Sol sendikalara genel sendika federasyonu olan Türk-iş de katılarak, 2 milyon işçiden oluşan üyelerine iş bırakma eylemi yapmaları çağrısında bulundu.
Kaza ve Gereklilik
Bir yıl önce, küçük bir grup genç aktivist bir alışveriş merkezi inşa edilmesi planlarını protesto ettikleri için Gezi Parkı'ndan şiddet kullanılarak çıkarılırken kitlesel bir hareket patlak verdi. O zaman hareketin köklerinin bu mücadelede değil, toplumun genel durumunda yattığını anlatmıştık.
Aynı şekilde bu kaza da münferit bir olay değildir. Ne trajik ki, ki Erdoğan “böyle şeyler olur” derken haklıdır - özellikle de Türkiye'de. Bu, acımasız kâr arayışının ve devlet varlıklarının toptan özelleştirilmesinin doğrudan bir sonucudur.
AKP'nin iktidara geldiği 2002 yılından bu yana Türk ekonomisi hızla büyüyor ve Türkiye şu anda dünyanın en yüksek 17. GSYİH'sine sahip. Ancak bu büyüme çok eşitsiz bir şekilde dağılmıştır.
Burjuvanın doymak bilmeyen açgözlülüğü en ufak kırıntıların bile kitlelere ulaşmasına izin vermezken, AKP ve yandaşları devleti soymak ve emekçi sınıfını acımasız sömürüsü için siyasi engellerini kaldırmakla meşgul.

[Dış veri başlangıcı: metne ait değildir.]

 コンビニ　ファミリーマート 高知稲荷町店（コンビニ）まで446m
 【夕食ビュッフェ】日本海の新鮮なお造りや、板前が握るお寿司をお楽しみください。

İstanbul’un zengin kapalı semtlerindeki özel şoförlerin, uzun jiplerin ve güvenlikli sitelerdeki şatafat ile aynı şehirin eteklerindeki gecekondular arasında keskin bir tezatlık var.
Dün meydana gelen bu trajik kaza işçileri, köylüleri ve fakirleri buluyor, ancak hiçbir zaman zenginlerin başına gelmiyor. Ancak bu son kaza bardağı taşıran son damla olmuşa benziyor. Yıllar boyunca göz önünde yürütülen yolsuzluk, kayırmacılık ve çalışan kitlelerin hor görülmesi yoğun tatsızlığın ve bastırılmış öfkenin nedeni olmuştur. Bir noktada bu öfke kaynama noktasına ulaşır.

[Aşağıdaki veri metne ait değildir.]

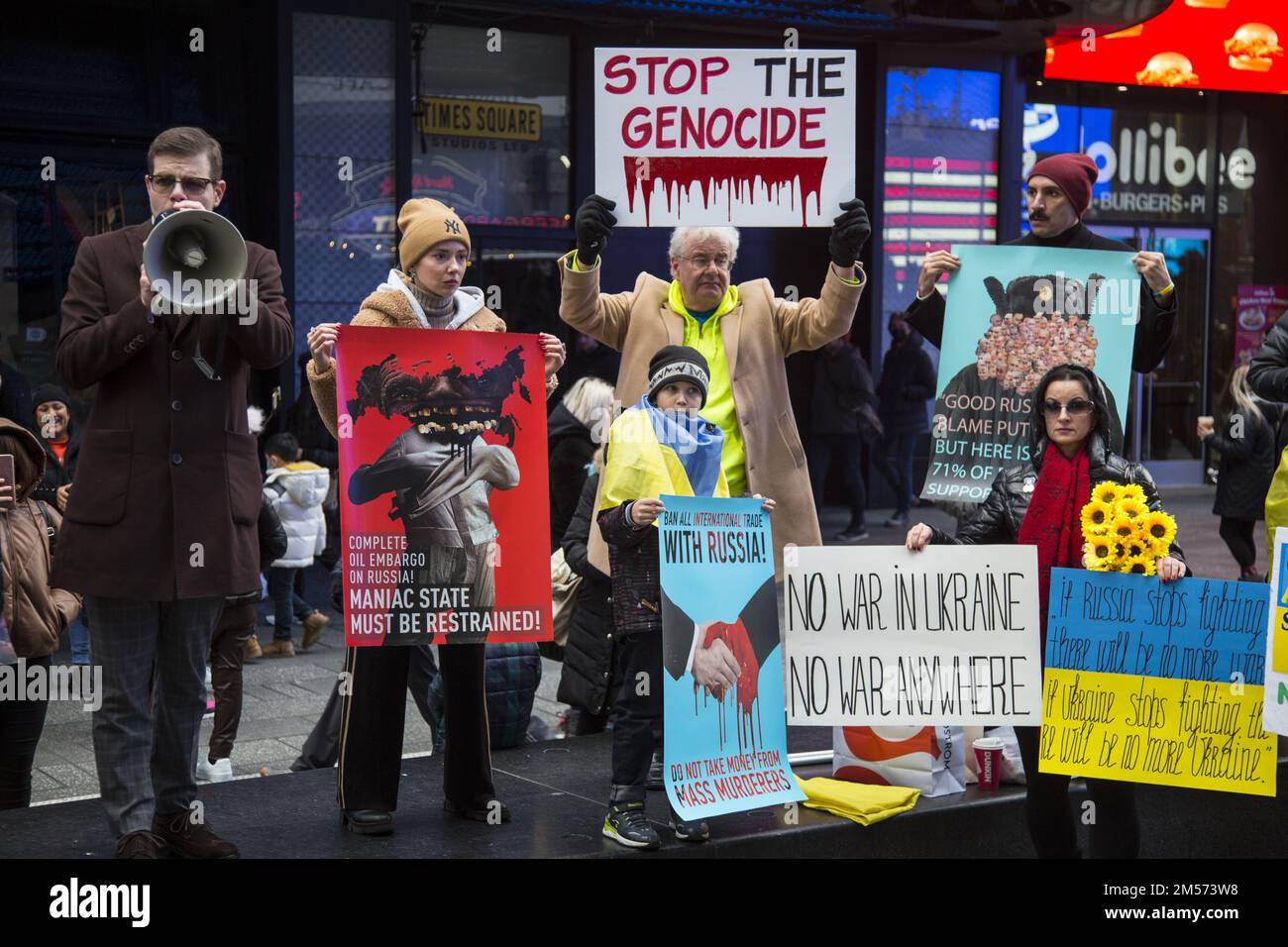 Unterstütze die Ukraine Rally auf dem Times Square eine Woche vor Weihnachten in New York City 2022. Stockfoto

Sadece birkaç hafta önce AKP rejimi kağıt üzerinde ezici görünen bir zafer kazandı. Ancak o zaman da anlattığımız gibi, bunun nedeni Erdoğan'ın popülaritesi değil, ona karşı net bir alternatifin olmamasıydı. Gerçekte Türk toplumu çok çalkantılı zamanlara doğru ilerliyor.
Erdoğan Gezi Parkı hareketini atlattı, çünkü hareketin düzgün bir organizasyonu, liderliği ve net bir programı yoktu. Ancak ödemek zorunda kaldığı bedel, rejiminin meşruiyetinde önemli bir aşınma ve derin bir siyasi kriz oldu. Şimdiye kadar Erdoğan ayakta kalmayı başardı. Son seçimlerden de başarıyla çıkması ile Erdoğan bu durum onun gerçeklikle bağını koparmasına neden oldu.

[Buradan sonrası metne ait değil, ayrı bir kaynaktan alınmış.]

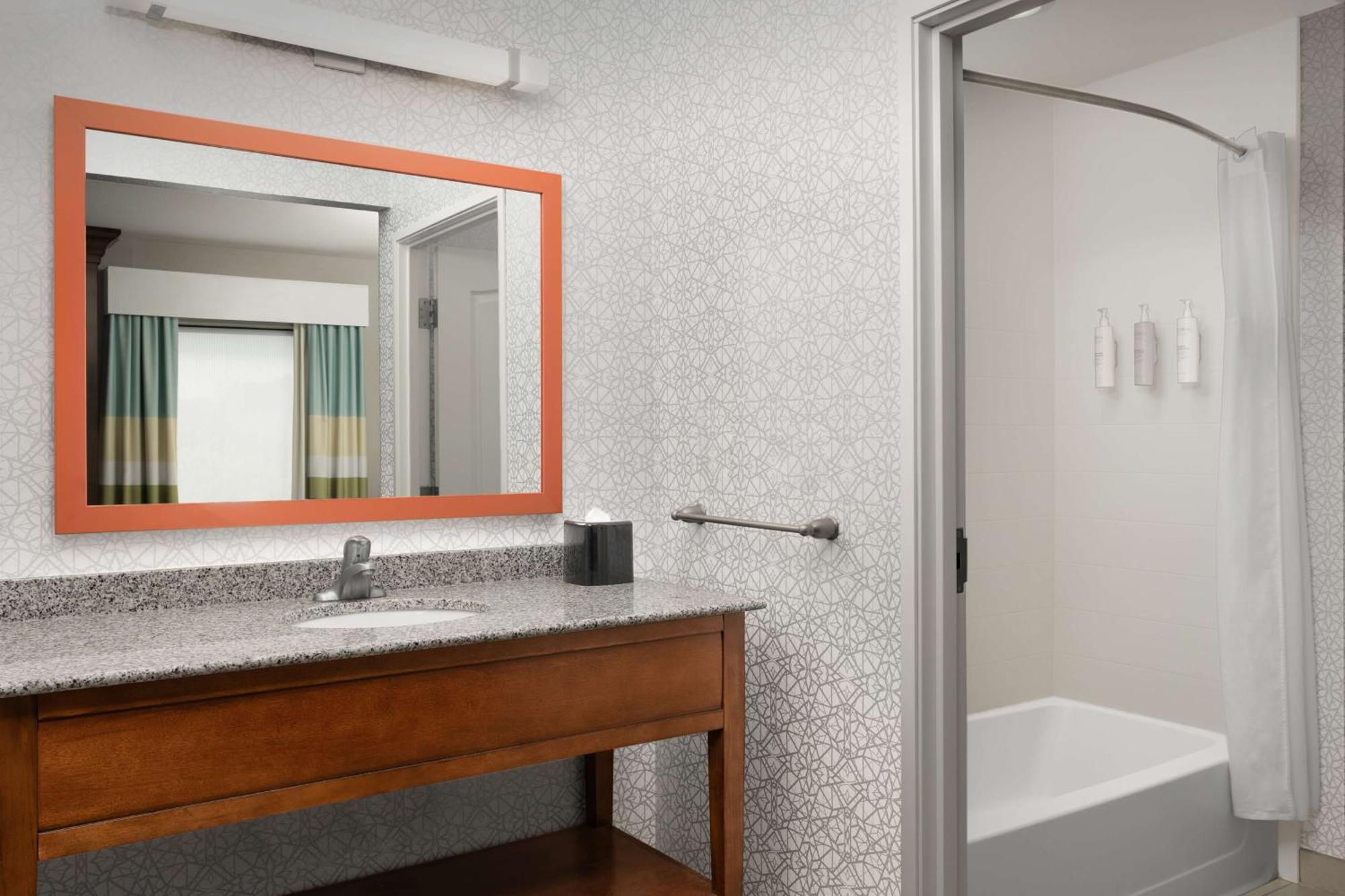 Hampton Inn & Suites Huntsville Research Park Area Екстер'єр фото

Kayıtsızlığının ve bu trajediyi soğukkanlılıkla karşılamasının ardında yatan neden budur. Tipik bir burjuva cahili olarak, toplumun yüzeyinin altında öfkenin kaynadığı süreçleri tespit etmekten acizdir. Gezi isyanını devede kulak bırakacak bir ayaklanma oluşmakta. Türkiye işçi sınıfı bölgedeki en güçlü işçi sınıfıdır. Bir ayaklandığında, şok dalgaları tüm dünyayı saracaktır.
Dün madencilerin trajik ölümü bir kaza değildi. Doğrudan doğruya Türkiye'deki burjuva egemenliğinden kaynaklanmıştır. Bu ölümlerin intikamını almanın tek yolu, bu parazitik sınıfını zorla ortadan kaldırmak ve tüm sistemlerini kökünden söküp atmaktır. Türkiyeli işçiler yarınki eylem gününü, Erdoğan hükümetini devirmek ve onun yandaş ve işadamları ağını süpürüp atmak için ucu açık bir genel greve doğru ilk adım olarak kullanmalıdır.
Madencilerin intikamı alınsın! AKP hükümetini devirmek için topyekûn bir genel grev hazırlayın!
Kahrolsun Erdoğan ve katillerin ve hırsızların iktidarı!
Madenciler için adalet! Siyasetçilerden iş adamlarına kadar tüm sorumlular tutuklansın!
Özelleştirilen tüm şirketler ve AKP ile bağlantılı tüm şirketler kamulaştırılsın!
Uygun güvenlik prosedürlerini takip etmeyen tüm şirketler kamulaştırılsın!